##### Material provided #####

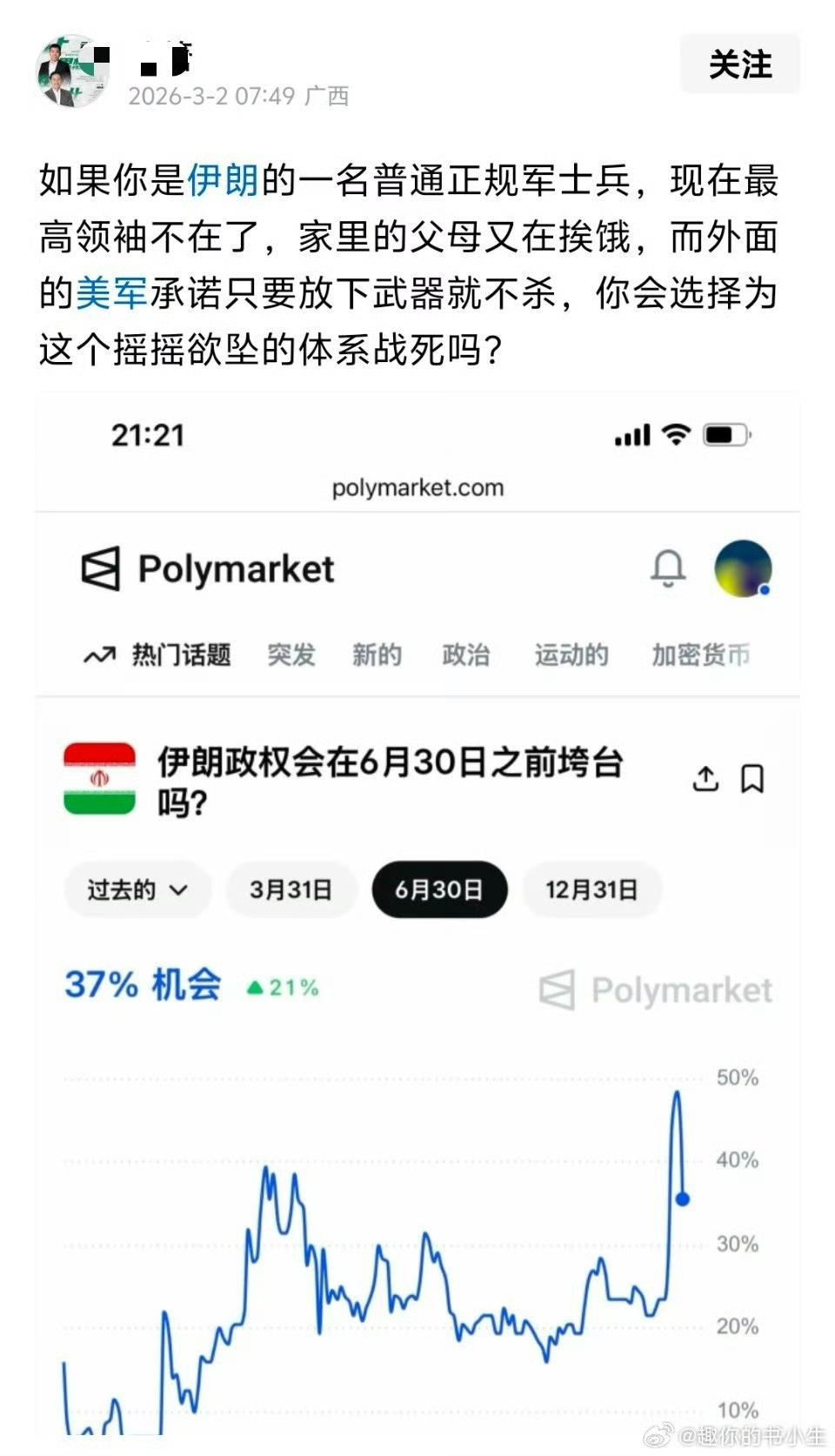 这厮是把美国和以色列当救世主了吗？这种跪下来摇尾乞怜的伊朗人，难道比美国大街上的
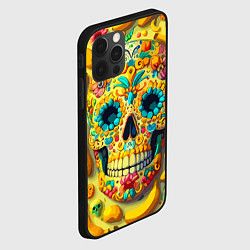 Чехол для iPhone 12 Pro Max Красочный летний паттерн с черепом - нейроарт, цвет: 3D-черный — фото 2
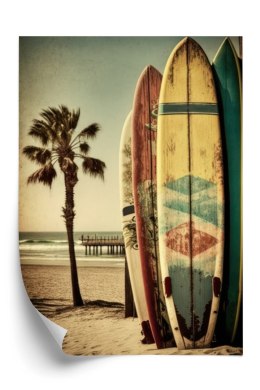 Plakat Plama I Deski Surfingowe W Tonach Vintage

#####

- _Task objective_:
Please give all of the material again, exactly, without the images.

- _Exercise result_:
 这厮是把美国和以色列当救世主了吗？这种跪下来摇尾乞怜的伊朗人，难道比美国大街上的
 Чехол для iPhone 12 Pro Max Красочный летний паттерн с черепом - нейроарт, цвет: 3D-черный — фото 2
 Plakat Plama I Deski Surfingowe W Tonach Vintage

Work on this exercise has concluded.